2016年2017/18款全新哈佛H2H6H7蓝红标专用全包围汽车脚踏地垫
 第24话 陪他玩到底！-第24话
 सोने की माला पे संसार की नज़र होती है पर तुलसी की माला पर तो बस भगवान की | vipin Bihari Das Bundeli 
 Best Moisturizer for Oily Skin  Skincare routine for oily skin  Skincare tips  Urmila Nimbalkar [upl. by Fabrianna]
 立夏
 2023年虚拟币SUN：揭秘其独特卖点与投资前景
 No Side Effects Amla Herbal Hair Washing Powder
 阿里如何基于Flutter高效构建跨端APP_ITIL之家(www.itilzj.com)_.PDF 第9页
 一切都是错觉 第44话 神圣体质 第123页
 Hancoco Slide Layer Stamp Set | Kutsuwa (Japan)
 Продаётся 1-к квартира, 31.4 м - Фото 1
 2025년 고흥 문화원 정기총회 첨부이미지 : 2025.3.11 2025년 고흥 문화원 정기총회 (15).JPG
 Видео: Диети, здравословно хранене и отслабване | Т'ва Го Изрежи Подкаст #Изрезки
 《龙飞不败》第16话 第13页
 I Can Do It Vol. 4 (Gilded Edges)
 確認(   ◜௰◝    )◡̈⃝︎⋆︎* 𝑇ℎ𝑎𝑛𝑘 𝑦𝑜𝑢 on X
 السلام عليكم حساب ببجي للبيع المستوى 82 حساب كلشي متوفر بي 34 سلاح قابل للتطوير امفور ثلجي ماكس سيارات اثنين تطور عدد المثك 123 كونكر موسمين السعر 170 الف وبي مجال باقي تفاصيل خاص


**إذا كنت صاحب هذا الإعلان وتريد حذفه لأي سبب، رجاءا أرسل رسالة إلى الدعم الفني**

····················

## [Problem]
Write out only the lines that run from the line containing "No Side Effects" through the line containing "2025년 고흥 문화원 정기총회 첨부이미지", both included, exactly as they appear above.

## [Response area]
 No Side Effects Amla Herbal Hair Washing Powder
 阿里如何基于Flutter高效构建跨端APP_ITIL之家(www.itilzj.com)_.PDF 第9页
 一切都是错觉 第44话 神圣体质 第123页
 Hancoco Slide Layer Stamp Set | Kutsuwa (Japan)
 Продаётся 1-к квартира, 31.4 м - Фото 1
 2025년 고흥 문화원 정기총회 첨부이미지 : 2025.3.11 2025년 고흥 문화원 정기총회 (15).JPG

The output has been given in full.